Drilon to observe Cambodia case for IPU


MANILA, Philippines -- Former Senate President Franklin Drilon said he was chosen by the International Parliamentary Union (IPU) as an observer in the defamation trial of a Cambodian opposition member of the parliament.

Drilon said the IPU, a worldwide organization of parliamentarians, designated designated him as its representative and observer in next week's trial of Cambodian opposition MP Mu Soncha (pictured) for a defamation suit filed by strongman Prime Minister Hun Sen.

Drilon, in a statement sent to media outfits on Sunday afternoon, said he was informed of his designation by Anders Johnson, IPU secretary general, and Ingeborg Schwarz, secretary of the IPU Committee on Human Rights of Parliamentarians.

The IPU is monitoring the celebrated trial of Mu Soncha, a member of the Cambodian National Assembly and a known advocate of women and children’s rights.

Mu Soncha, a one-time Nobel Prize nominee and a former minister of women affairs, was in the forefront of the campaign against sex and human trafficking in Cambodia and was vocal against the Hun Sen government’s alleged failure to crack down on offenders.

She will stand trial on Friday in Phnom Penh on a defamation countersuit filed by Hun Sen in retaliation to an earlier suit she filed against the prime minister, according to Drilon’s press statement.

The case against Hun Sen was earlier dismissed by the courts.

Mu Soncha claimed the courts were biased and that no lawyer in Cambodia was courageous enough to represent her for fear of reprisal from government.
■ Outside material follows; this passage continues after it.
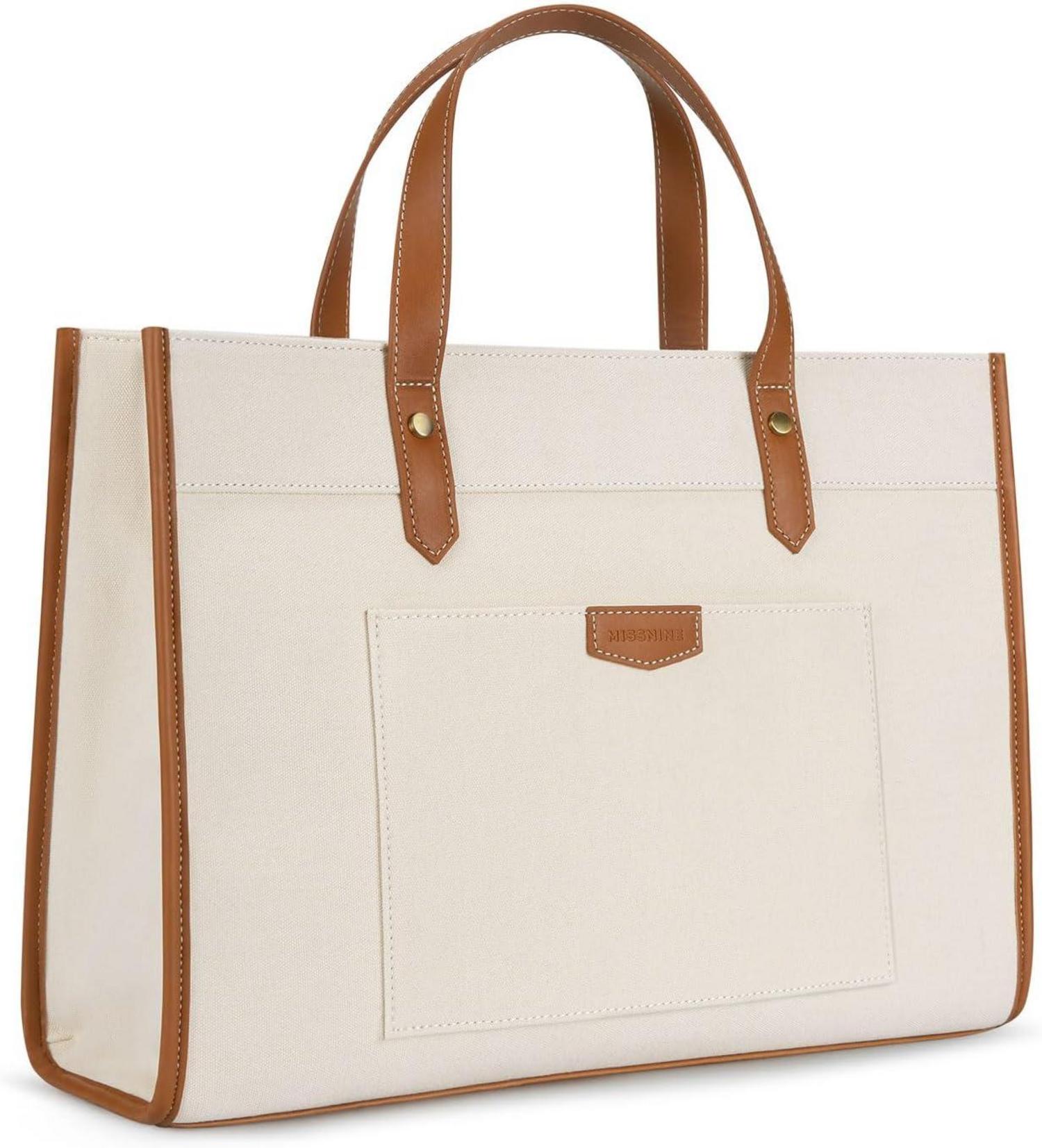 Laptoptasche 15,6 Zoll Damen Canvas Handtasche Braun Beige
“I intend to put the (Cambodian) justice system on trial,” she was quoted as saying recently.

Phay Siphan, a Cambodian government spokesman, dismissed Mu Soncha’s claims that the courts were biased.

But the accusations have gained traction among international human rights groups, as well as donor countries, which pledged almost $1 billion in foreign aid to Cambodian in 2008.
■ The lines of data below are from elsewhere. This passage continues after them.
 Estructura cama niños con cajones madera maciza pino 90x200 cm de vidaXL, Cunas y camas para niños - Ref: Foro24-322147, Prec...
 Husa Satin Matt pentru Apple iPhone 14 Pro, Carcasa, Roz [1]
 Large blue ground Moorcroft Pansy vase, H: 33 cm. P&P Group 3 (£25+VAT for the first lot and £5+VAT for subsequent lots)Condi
Reports said the Cambodian government launched at least nine criminal cases against politicians, journalists and activists recently.

Critics such as Human Rights Watch accuse the ruling Cambodia People’s Party of using the legal system to silence opposition voices.

Johnson and Ingeborg informed Drilon that he was chosen as IPU trial observer and representative in his capacity as former chairman of the IPU Human Rights for Parliementarians Committee and as a former justice secretary in the Philippines.

In July 2006, Drilon was elected chairman of the IPU committee, a prestigious international body that investigates violations of human rights of lawmakers.

He is the first Filipino legislator to be elected to the position since the IPU was established in 1889.

The IPU, the oldest multilateral political organization, brings together 146 affiliated parliaments and seven associated regional assemblies. It is based in Geneva, Switzerland. It serves as a Permanent Observer at the United Nations.

The IPU Committee of Human Rights of Parliamentarians was established in 1976 and was created to ensure that the human rights of the world's parliamentary community - composed of more than 40,000 members - are respected.

In 2005, Drilon was elected assembly president of the 112th General Assembly which was held at the Philippine International Convention Center (PICC) in Manila and was attended by over 1,500 parliamentarians from over 45 countries.

Prior to his election as president of the IPU assembly, Drilon was also a member of the IPU Executive Committee.

Drilon is the current chairman of the Liberal Party.